George was helped from the rubble after about three days later because someone thought they heard him shouting. He said he knew a soldier would find him because his dad was a soldier. In the ‘Echo’ Vin was called 'Boy Hero of the Blitz' and both he and George got a ten shilling note off the Lord Mayor. After George came out of hospital he went away to a convalescent home for some time, but there no one to help my mum. I think she was a heroine of the Blitz! My dad was in the Far East so could not come home. Mum was left to look for somewhere for us to live, get us some clothes and bury her mother. No grief counselling in those days! She went to Mount Pleasant where someone was supplying people with clothes and food.
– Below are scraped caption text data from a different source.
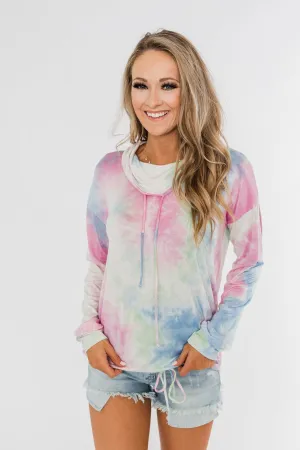 Tie Dye Cowl Neck Top- Pink, Blue, Mint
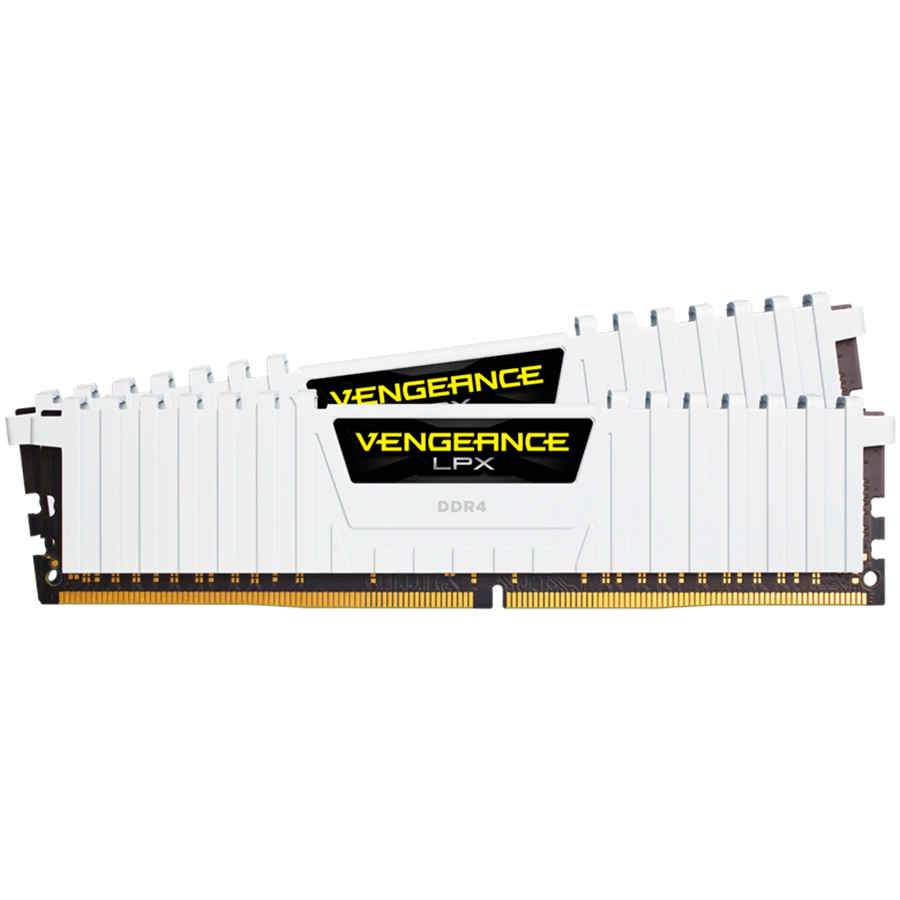 CORSAIR DDR4, 3000MHz 16GB 2x8GB Dimm, 16-20-20-38, XMP 2.0, Vengeance LPX White Heatspreader, Black PCB, 1.35V-1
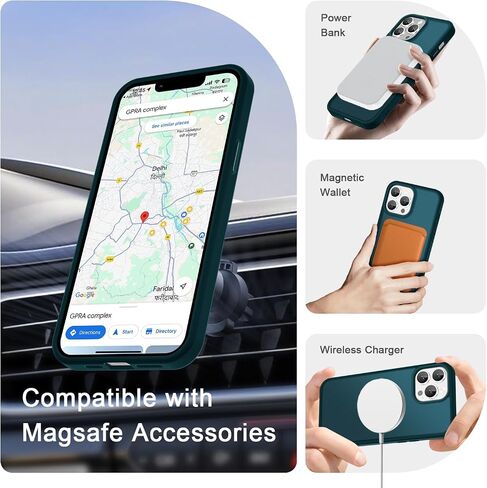YENAPOON for iPhone 16 Case, Matte Magnetic Phone Cover, Black | Fit for MagSafe, Screen Protector included, Shockproof Military Grade Protection, Translucent Frosted Back in Saudi Arabia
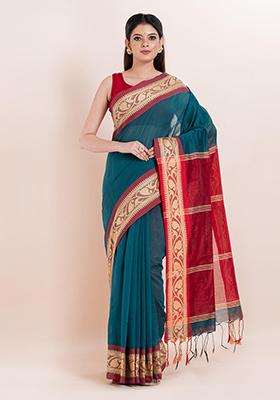 Teal Blue Printed Cotton Saree Set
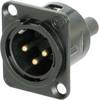 Neutrik NC3MD-S-B-1 XLR connector Sleeve plug, straight pins Number of pins: 3 Black 1 pc(s)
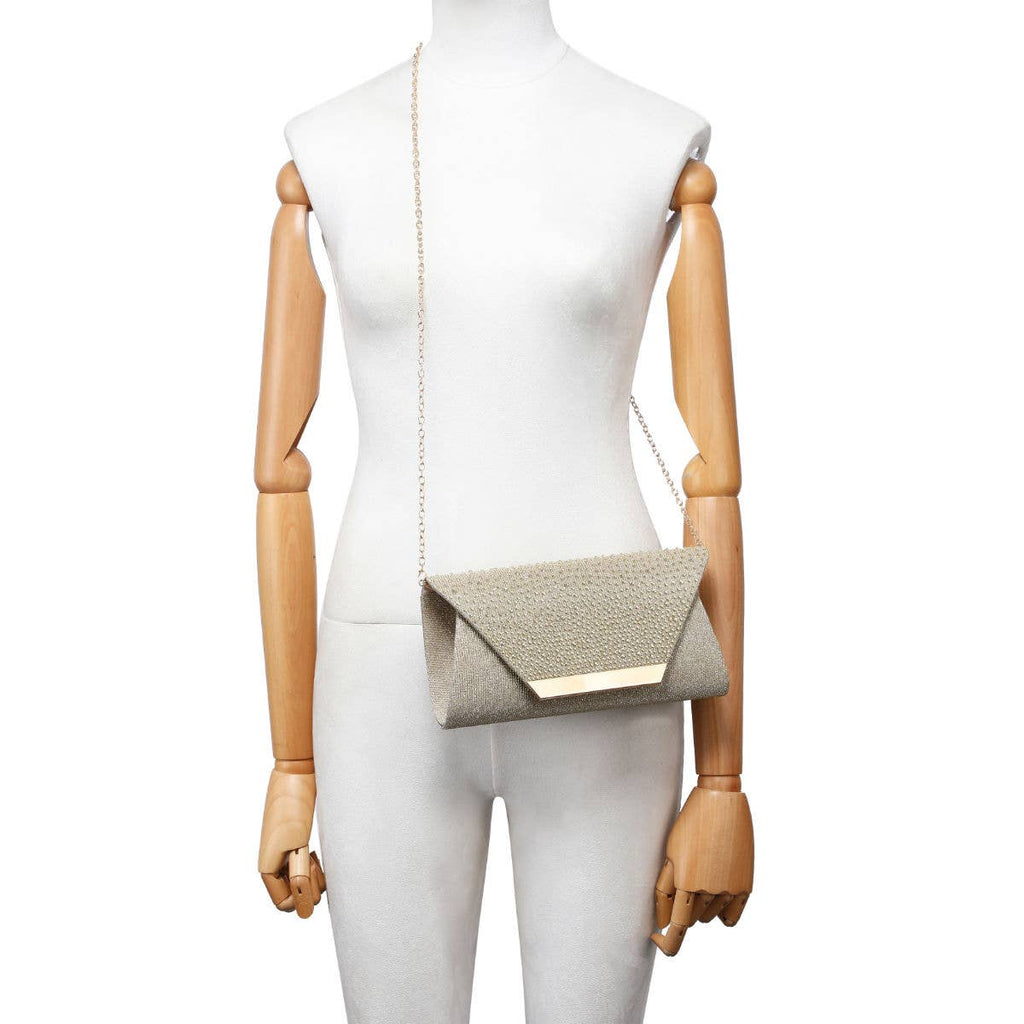 Diamante On the Flap Over Cover Glitter Clutch Bag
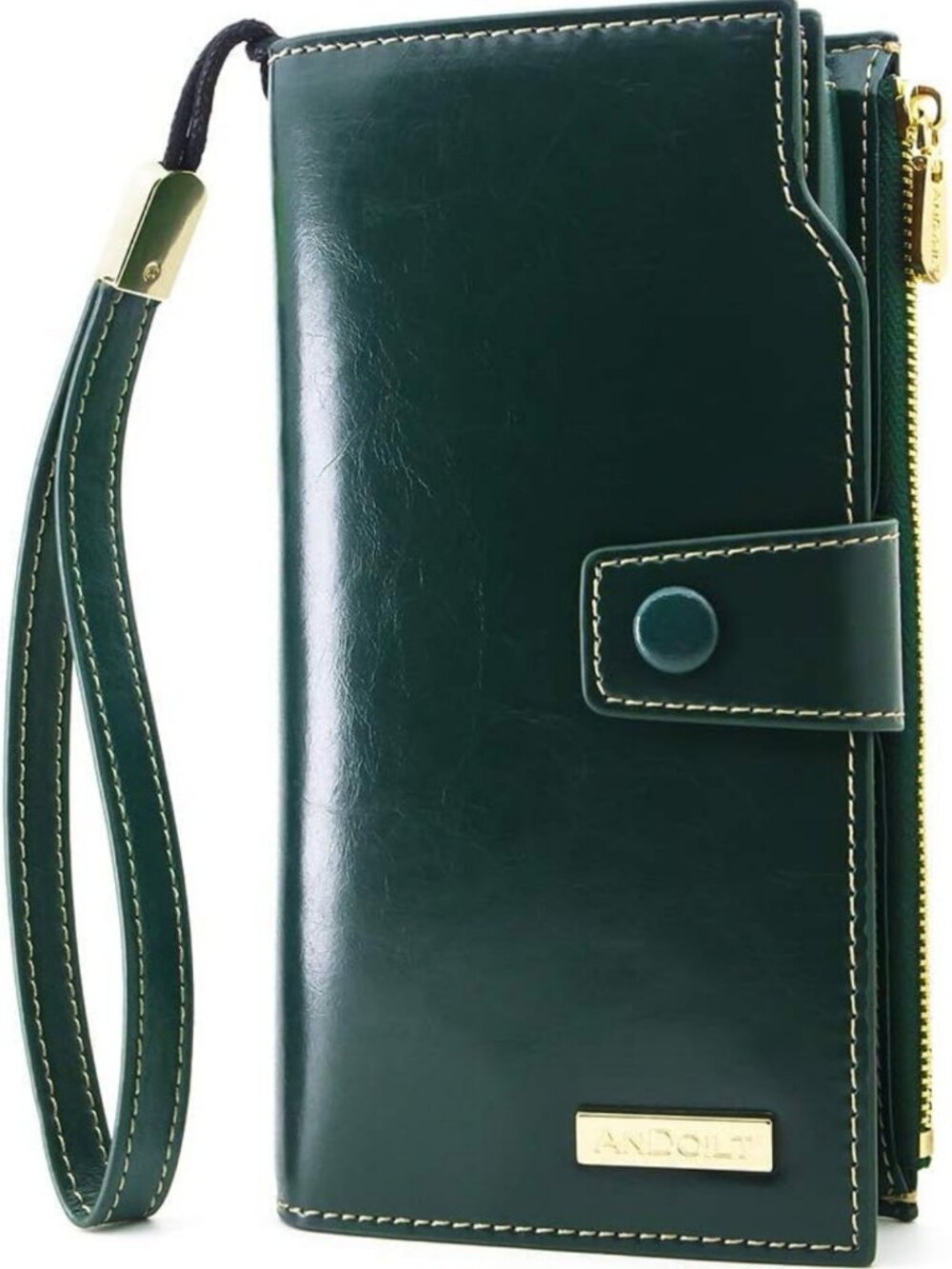 Stylish Women's Genuine Leather RFID Blocking Clutch Wallet with Phone Pocket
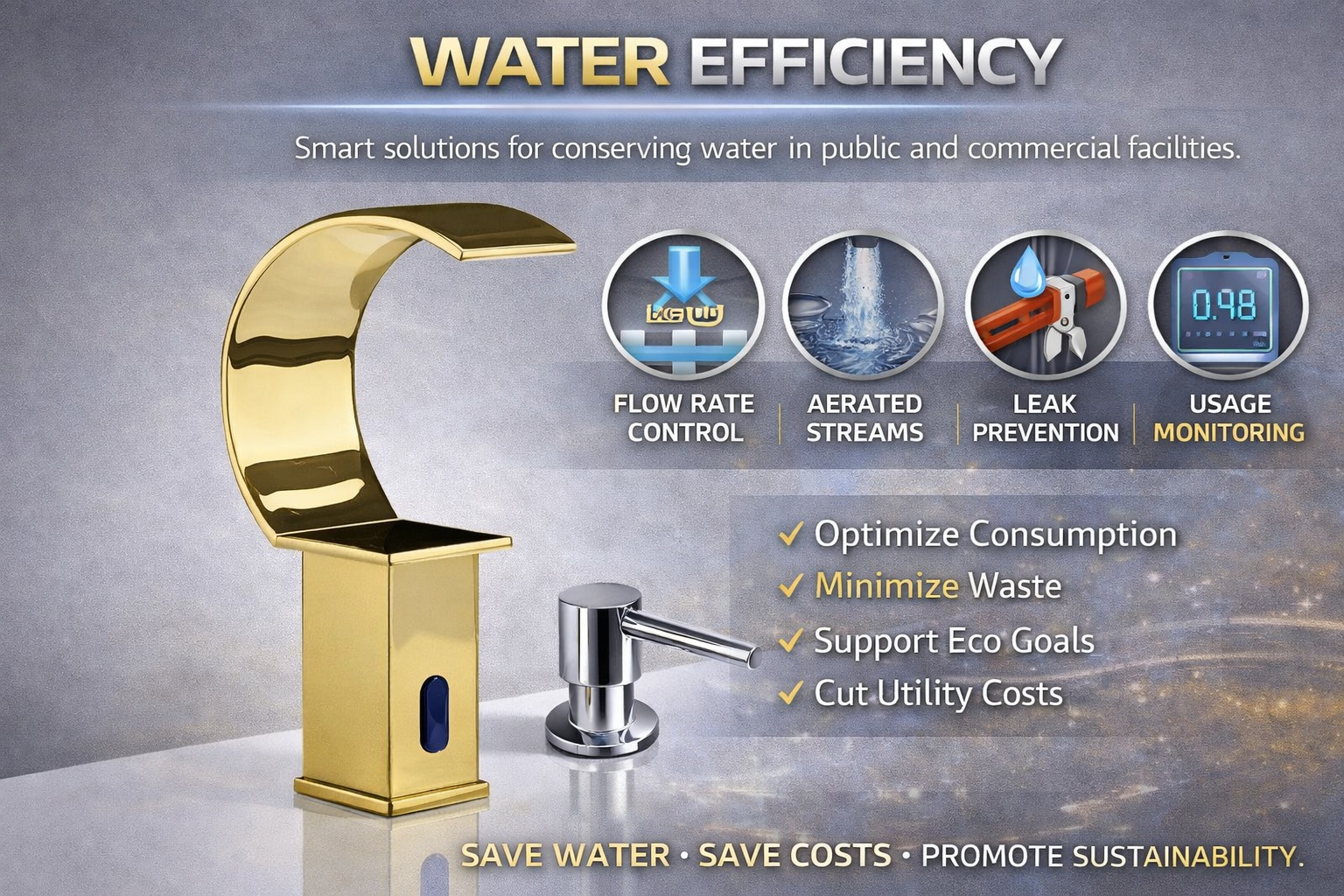 Water saving touchless faucet strategies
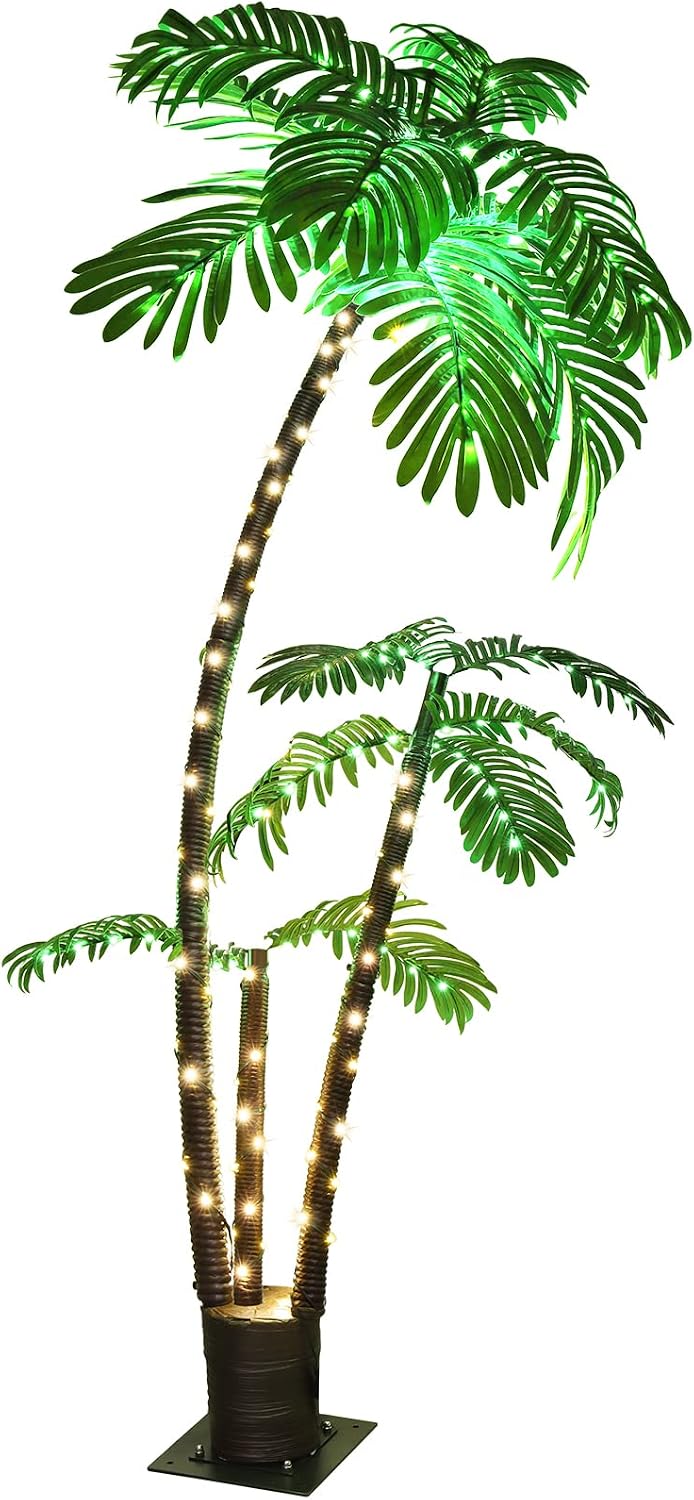 Lighted Palm Tree Bar Outdoor Christmas Light Up Decor for Outside Patio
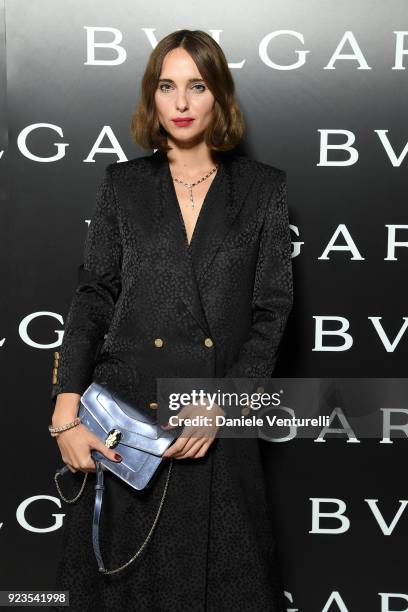 Candela Pelizza attends Bulgari FW 2018 Dinner Party on February 23, 2018 in Milan, Italy.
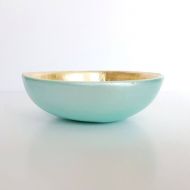 /LittleWisteriaArt Mint green trinket dish, ring dish, Mint and gold, bridesmaid gift, jewellery dish, gifts for her, wedding gift, wedding present,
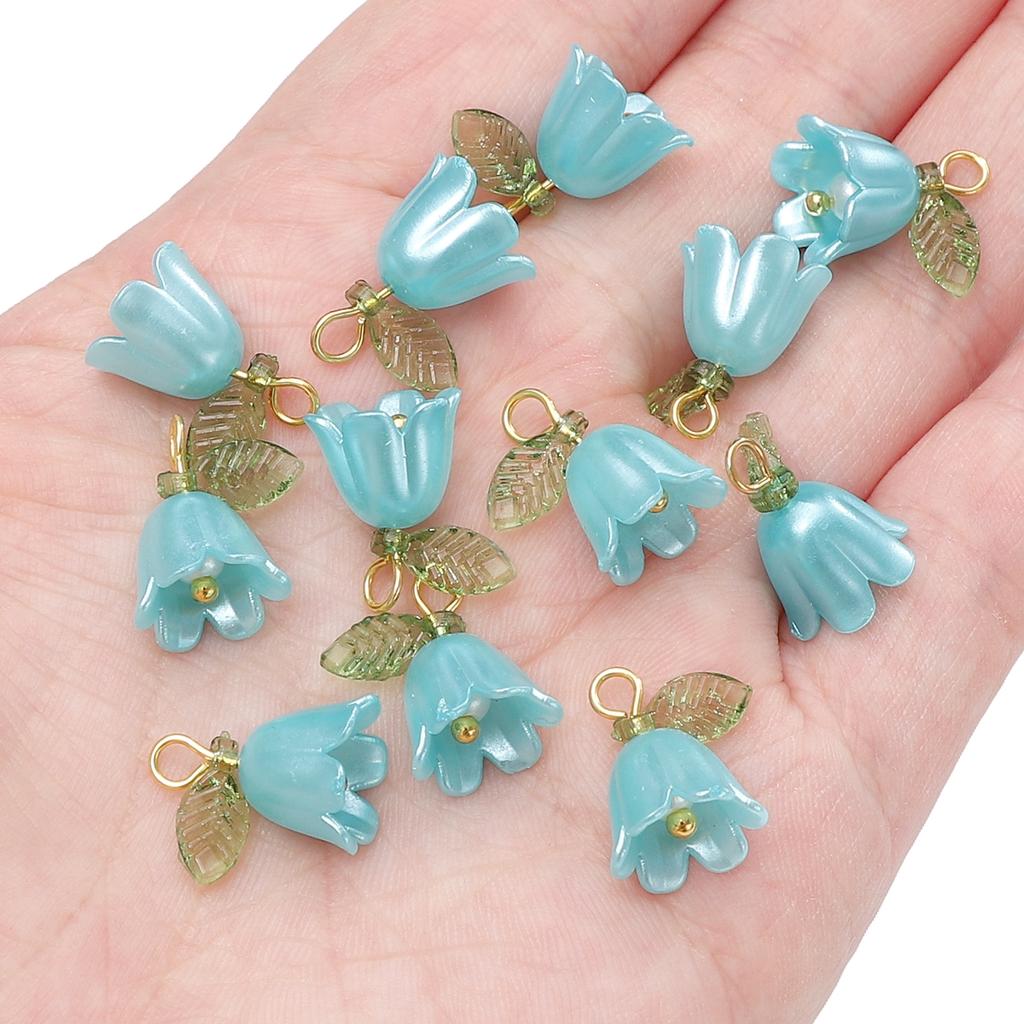 11x14mm 2-10Pcs acrylic lily of the valley flower bud beads plated with colored loose beads, handcrafted DIY making jewelry 2029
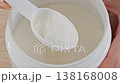 Extreme Close-up Measuring Collagen Powder With Plastic Scoop From Container, Precise Dosage Of Dietary Supplement. Nutrition And Skincare Routine Concept. 138168008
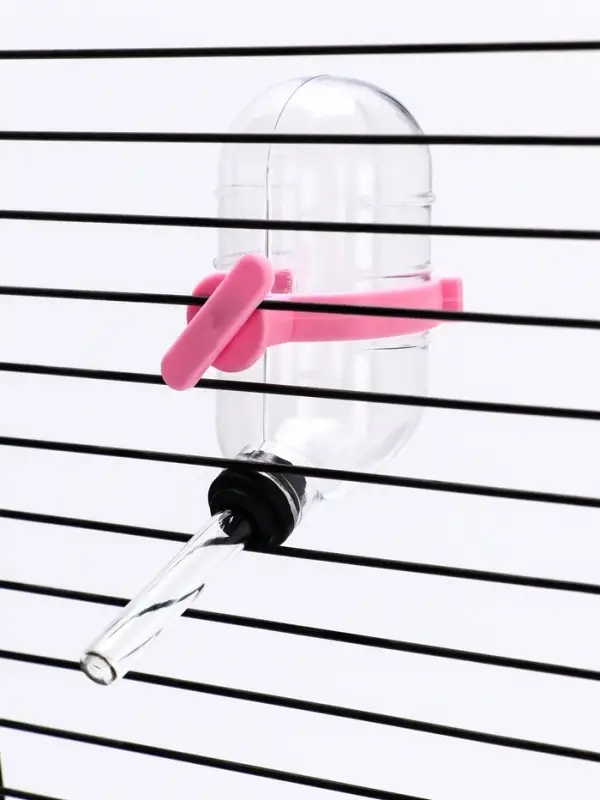 Поилка для грызунов, 60 мл, 12&times;4 см, с розовым креплением, прозрачная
The only place she could find for us to live was the house of a great-uncle in Radcliffe Street. I was always frightened of him because he was cross-eyed and a crooked nail on his small finger, which he used to frighten us. In the middle of his kitchen he had an iron table which acted as an air raid shelter. We slept under that; my mum slept on the floor. He said Doll could have the spare bed because she worked late of an evening. (Aunty Doll was due to be married on Boxing Day. Her boyfriend was an engineer in the Royal Navy and was due home when we were bombed. For days after, you could see the remnants of her wedding dress on a piece of wall, fluttering in the breeze, or so we were told.) My granddad spent much of his time at the cold storage unit in Pembroke Place which was the place the ARP had their unit.
Sal, Vin and Richard had no mum. Richard was engaged to be married so he went ahead with the ceremony and he and his wife went to live with some friends. Doll and her boyfriend got a special licence and were married — no party or fancy white dress, just a black dress and hat, but she now had somewhere to live. Then my mum was told she could have a three-bedroom house in Dovecot. Granddad, Vin, Sal, George, Terry and I, and mum all went to the house. On our first night there, there was a heavy raid. My mum had put a blanket up to the windows. Then the door nearly got knocked down by someone banging and shouting. My mum opened the door. The man was shouting so loud he frightened us. He said she was showing a spot of light. My mum said, 'Well, if you can cover it any better, come in and do it!' He was amazed when he saw us children just sitting on the floor — no furniture, no fire because we had no coal. He told us he would be back. He was the caretaker from the school opposite.
He came back with his wife and daughter. They had blankets, a rocking chair, cups and saucers, bread and cheese and some lovely cakes. We thought we were in heaven. In later days they brought other household goods; they were our guardian angels. They brought an ironing board — a wooden one. My mum used that until she died in 1973. I am still using that board to this day.
My dad did not come home until 1944-45. He was in the Eighth Army known as the Desert Rats. I know he was away fighting the War, but my mum had her own War to fight.
Vin joined the Merchant Nave and went away to sea when he was sixteen. Sal emigrated to Canada with Richard and his family.
Despite surviving the air raids, George was killed at the age of 12 by a wall falling on him. My mum could see where he was killed every time she stood at the sink. It’s a wonder she stayed sane — but she did.